I got used to dealing with the quirks of my old car.  They didn’t seem like such a big deal.  And then I got the new car and suddenly I didn’t have to plug it in when I parked it in the garage.  I can turn the key and it just starts.  It doesn’t suddenly rev-up or die on me at stoplights.  It doesn’t diesel or flood.  The new car is so much better than the old one.  Sometimes I wonder why I didn’t replace the old car sooner.  As I was used to the old car and as much as I miss it—it had become our mechanical family member—I can’t imagine giving up the new car and going back to the old one.  It’s better in every way.

I bring this up by way of introduction to our Epistle from Hebrews this morning.  We don’t know who wrote the book of Hebrews, but we do know that it was written to Hebrew (Jewish) Christians in part to explain to them and to assure that the new covenant established by Jesus—while it has continuity with the old covenant—is nevertheless better.  As we saw in last week’s Epistle from Paul’s letter to the Galatians, it was especially tempting for Jewish Christians to fall back into the old way—the old covenant way—of doing things.  Some of this was that it was simply the life they knew.  When they became Christians they didn’t stop being Jewish.  But there were also Gentiles now coming into this movement of Jesus-followers.  The Jews didn’t like that.  As far as they were concerned Gentiles were unclean.  And so these Jewish Christians were shunned by their friends and family and even kicked out of their synagogues for associating with Gentiles.  And it got worse as the Jews began to actively persecute the Church.  Jesus had given them so much more than they’d had in the old covenant, but it was easy to think only about living for the day.  For Jewish Christians it was tempting and it would have been easy to simply drift away from the Church and fall back into old covenant Judaism.  And so the writer of Hebrew urges them not to do that.  Despite the persecution, what they have now in Jesus is so much better.  The old covenant gave a promise of a new world and a new life in the Messiah.  In Jesus the Messiah has finally come and he’s fulfilled that old promise.  He’s inaugurated the new world and the new life.  In Jesus we take part in the fulfilment of God’s promises and that’s worth it, no matter the cost.

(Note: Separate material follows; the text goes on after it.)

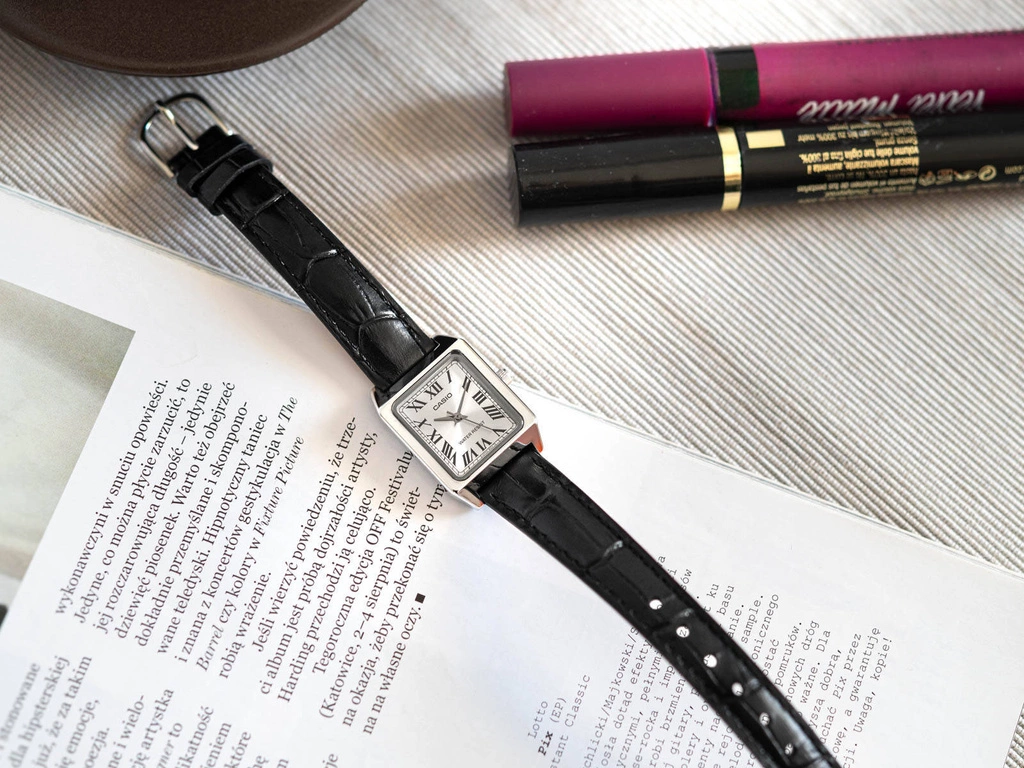 Zegarek damski CASIO LTP-B150L-7B1EF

To make his point the writer of Hebrews takes his readers back to the tabernacle—that was the tent that the Israelites built in the wilderness, the precursor to the temple in Jerusalem.  Look at Hebrews 9:11-14.

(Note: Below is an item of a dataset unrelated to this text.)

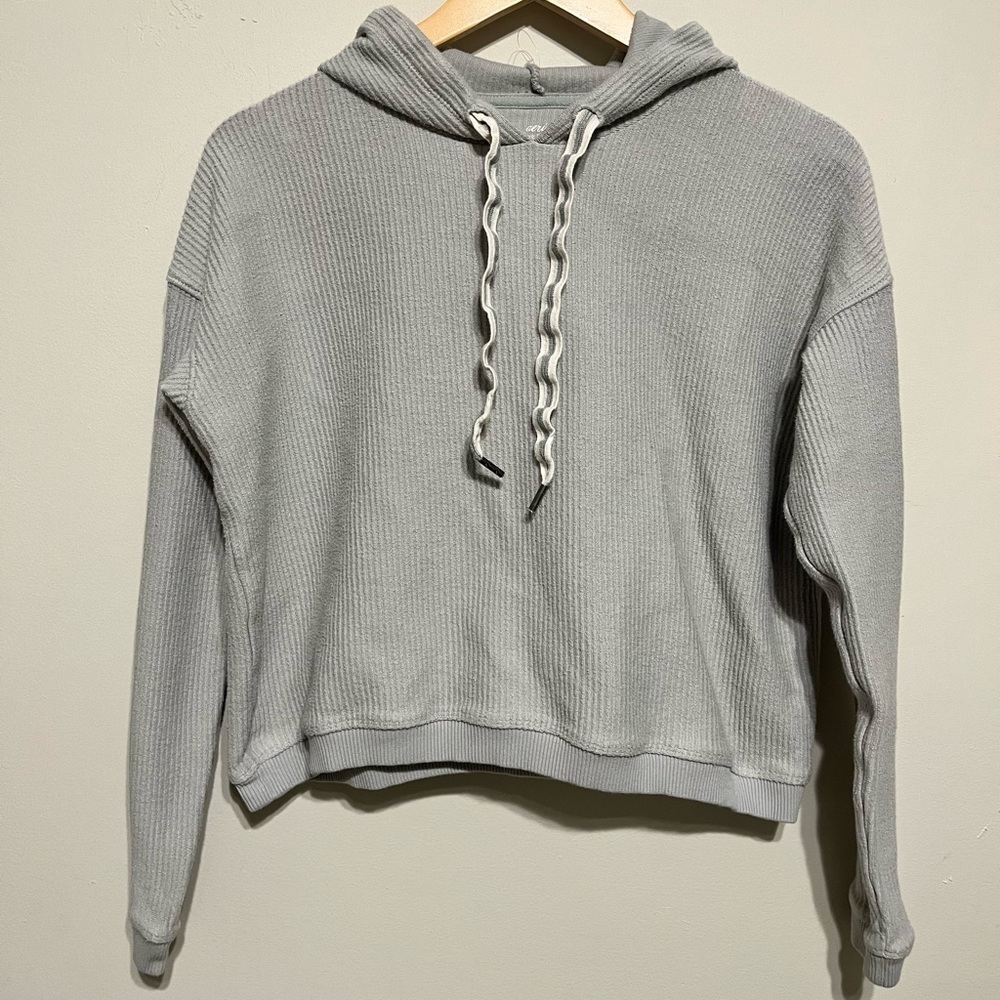 Aerie OVERSIZED ribbed cropped hoodie so soft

But when Christ appeared as a high priest of the good things that have come, then through the greater and more perfect tent (not made with hands, that is, not of this creation) he entered once for all into the holy places, not by means of the blood of goats and calves but by means of his own blood, thus securing an eternal redemption.  For if the blood of goats and bulls, and the sprinkling of defiled persons with the ashes of a heifer, sanctify for the purification of the flesh, how much more will the blood of Christ, who through the eternal Spirit offered himself without blemish to God, purify our conscience from dead works to serve the living God.

The writer here talks about tents and holy places.  It might be a little foreign to us, but think back to the book of Exodus.  The Lord rescued his people at the Red Sea as he freed them from their slavery in Egypt and at Mt. Sinai he came down to them on the mountain.  He called Moses up and he gave him the law, written on stone tablets, and at the same time he also gave Moses very detailed instructions for building the tabernacle—the tent complex where the people would worship the Lord and present their offerings and sacrifices.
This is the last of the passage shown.